(Beginning of Records supplied)
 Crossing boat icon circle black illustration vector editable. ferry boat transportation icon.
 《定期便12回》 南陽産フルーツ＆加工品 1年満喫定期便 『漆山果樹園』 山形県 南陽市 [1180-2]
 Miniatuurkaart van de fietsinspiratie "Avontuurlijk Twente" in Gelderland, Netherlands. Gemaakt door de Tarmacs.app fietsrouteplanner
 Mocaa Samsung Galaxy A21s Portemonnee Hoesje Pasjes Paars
(End of Records supplied)
(Beginning of Records supplied)
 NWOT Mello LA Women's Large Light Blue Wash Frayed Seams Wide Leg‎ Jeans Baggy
(End of Records supplied)
Problem details: Would you quote everything above from the line containing "Crossing boat icon" down to the line containing "Mocaa Samsung Galaxy"? Include both of those lines and nothing else.

Answer space:
 Crossing boat icon circle black illustration vector editable. ferry boat transportation icon.
 《定期便12回》 南陽産フルーツ＆加工品 1年満喫定期便 『漆山果樹園』 山形県 南陽市 [1180-2]
 Miniatuurkaart van de fietsinspiratie "Avontuurlijk Twente" in Gelderland, Netherlands. Gemaakt door de Tarmacs.app fietsrouteplanner
 Mocaa Samsung Galaxy A21s Portemonnee Hoesje Pasjes Paars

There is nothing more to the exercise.